I think my confusion might be related to not understanding the table-header explaining the modes where it says "Update of OCR1x at". What is meant with that ( who updates it, and to what value? or do I need to update it in the ISR ) ? Why would OCR1x be updated in mode 12 ( the table seems to state that it is) ? And it seems to work, even if I don't update it...?
Also, the only difference between mode 4 and 12 seems to be the register used for comparing to the timervalue (OCR1A vs ICR1)... but what is so fundamentally different between those? Why are there 2 options and what is the argument to choose for either mode 4 or 12 ?
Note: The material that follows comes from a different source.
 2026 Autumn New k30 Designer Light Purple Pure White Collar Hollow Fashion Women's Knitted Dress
Update: The issue seems to be related to initialization-order. If OCR1A is set to 39999 at the current location it gets reset to 0 a few lines further. When moving it after TCCR1A = TCCR1B = 0; then OCR1A keeps the value. So it's not necessary to set it on every interrupt. This also explains why we get -12k counts on mode 4 (because we are comparing OCR1A in that mode, comparing to 0 and generating loads of interrupts)...
Any insight into why the initialization-order matters in this case would be appreciated.
volatile int isr1 = 0;
ISR(TIMER1_COMPA_vect)
{
// this is called every time our timer-compare matches to ICR1 or OCR1A
isr1++;
// when using the #if part below, we need to do this, or we end up with weird values for isr1 ( around -12.000 )
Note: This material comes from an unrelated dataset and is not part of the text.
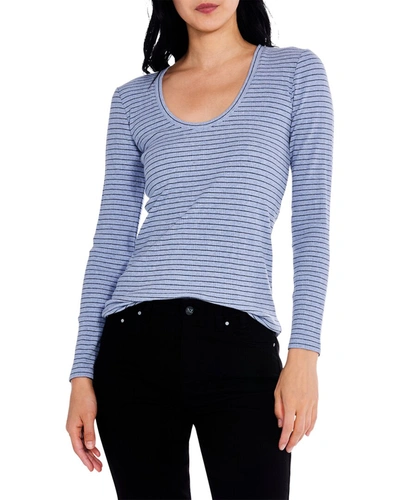 Shop Nic + Zoe This Or That Striped T-shirt In Purple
// If we set it to the original value then we get 50 interrupts per second...
OCR1A= 39999;
}
void setup() {
Serial.begin(115200);
delay(50);
ICR1 = 39999; // 50Hz signal @ 16MHz clock
OCR1A= 39999;
//TIMSK1 |= 1 << ICIE; // bit 5: Input Capture Interrupt Enable (execute interrupt when TIFR1.ICF flag is set)
TIMSK1 |= 1 << OCIE1A; // bit 4 : Enable the Timer-Output-CompareA-Match Interrupt
TCCR1A = TCCR1B = 0; // reset timer-config flags
// An interrupt can be generated at each time the counter value reaches the TOP value by either using the OCF1A or ICF1 Flag,
// depending on the actual CTC mode. If the interrupt is enabled, the interrupt handler routine can be used for updating the TOP value.
#if 1
// Arduino Datasheet 20.12.2. : The counter value (TCNT1) increases until a compare match occurs with OCR1A, and then TCNT1 is cleared.
TCCR1B |= 1<<WGM12; // code 4 (CTC, compare with OCR1A, Immediate update of OCR1x, overflow on MAX)
#else
// Arduino Datasheet 20.12.2. : The counter value (TCNT1) increases until a compare match occurs with ICR1, and then TCNT1 is cleared.
TCCR1B |= 1<<WGM13 | 1<<WGM12; // code 12 (CTC, compare with ICR1, Immediate update of OCR1x(?), overflow on MAX)
#endif
// using a prescaler of 8, which "slows down" the clockticks by factor 8.
// 1 clocktick takes 0.5 microseconds, so 39999 clockticks need 19999,5 microseconds
// 1 second = 1.000.000 microseconds, so we get 50 interrupts per second
TCCR1B |= 1<<CS11; // timer CS11 = clki/o/8, 1 tick per 0.5 microseconds
}
void loop()
{
delay(1000); // wait 1 second
Serial.println(isr1); // print how many interrupts we had in that second
isr1 = 0; // and reset for the next second.